А для чего искусство? Мне всегда казалось, оно для того чтобы помогать, утешать, обеспечивать связность мира, говорить о страшном, говорить о других людях голосами других людей…

В моем понимании искусство в широком смысле — это единственный существующий у нас способ передачи эмоциональной информации. Все остальные средства, которыми мы пользуемся, — это способы передачи рациональной информации. Искусство — это прямой способ передачи эмоций от человека к человеку. И это завораживает. Я так это воспринимаю каждый раз: мне пытаются сказать, что человек не только думал, но и чувствовал. И вот это мне очень важно.

Это бесценная мысль.
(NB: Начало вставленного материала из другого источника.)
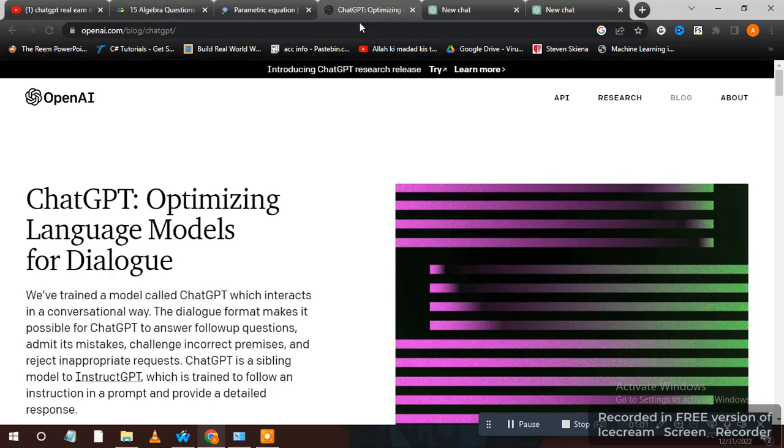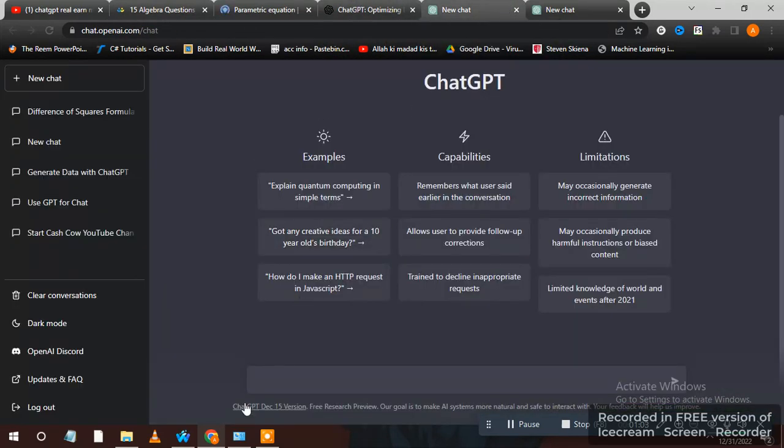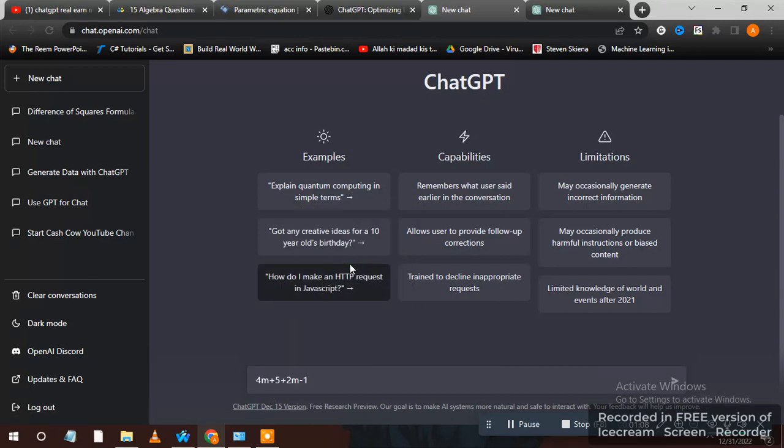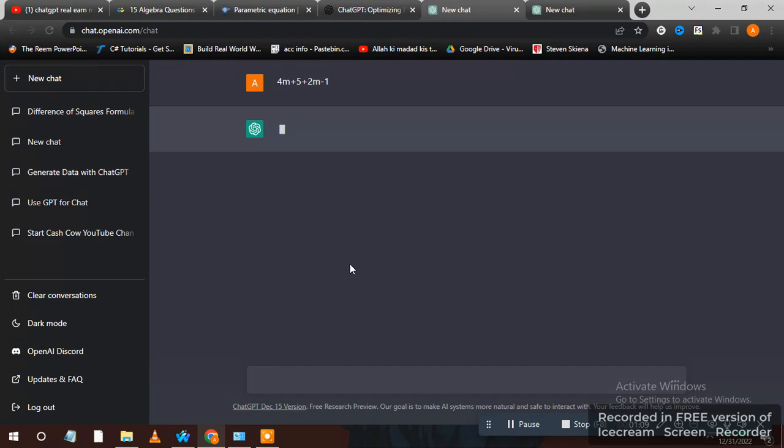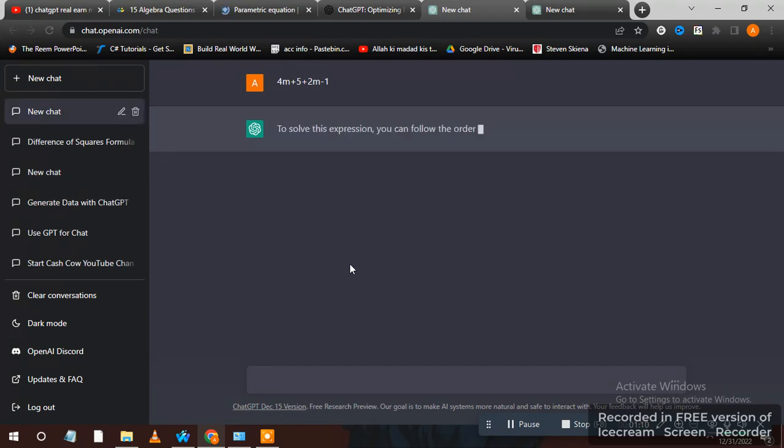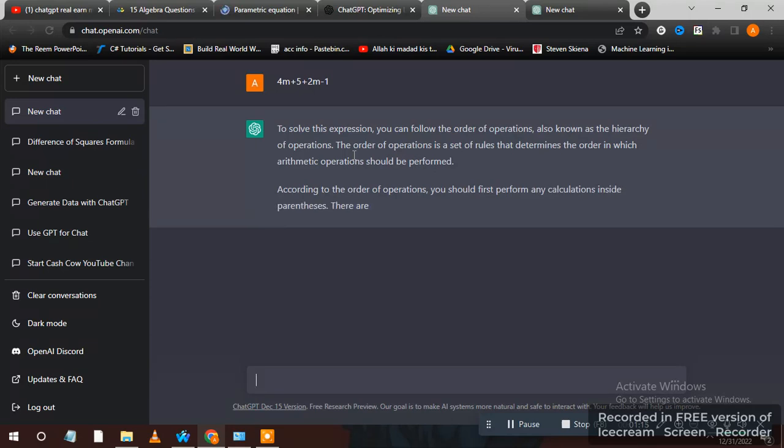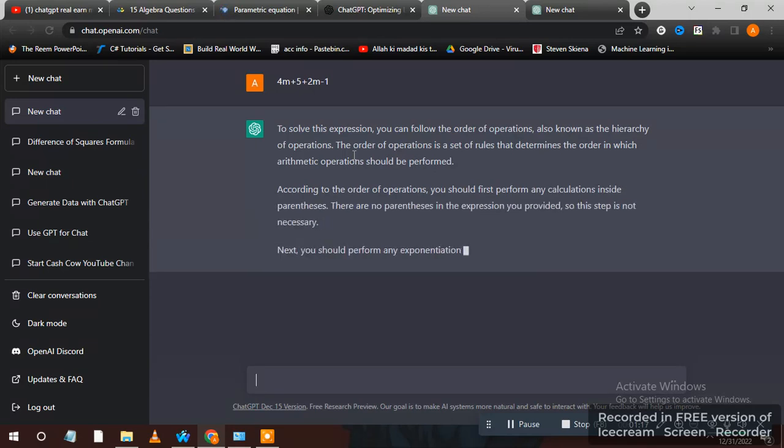Let's see now. You see guys, it's solving automatically. You can get a lot of work from this.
Вспоминается советское “что хотел сказать художник”, “это произведение искусства заставляет нас задуматься”…

Вот этот подход, которым нас заставляли пользоваться и который для очень многих людей до сих пор очень важен, не только советских и постсоветских, а просто такой нарративный подход к искусству, мне кажется, очень обедняет переживание искусства, очень обедняет восприятие и нам надо учиться ставить какие-то другие вопросы. И мы учимся, я вижу много подходов, в том числе популяризируемых подходов, которые уходят от этого слишком простого нарратива. Мне очень хочется надеяться, что как раз эти подходы постепенно победят в популярном дискурсе.

 

Возвращаясь к тому, что искусство помогает. Почему значительная часть написанного вами связана с ментальными нарушениями? Например, “Имени такого-то”: читая анонсы, я думала, что это роман в первую очередь о войне, а он оказался совсем о другом.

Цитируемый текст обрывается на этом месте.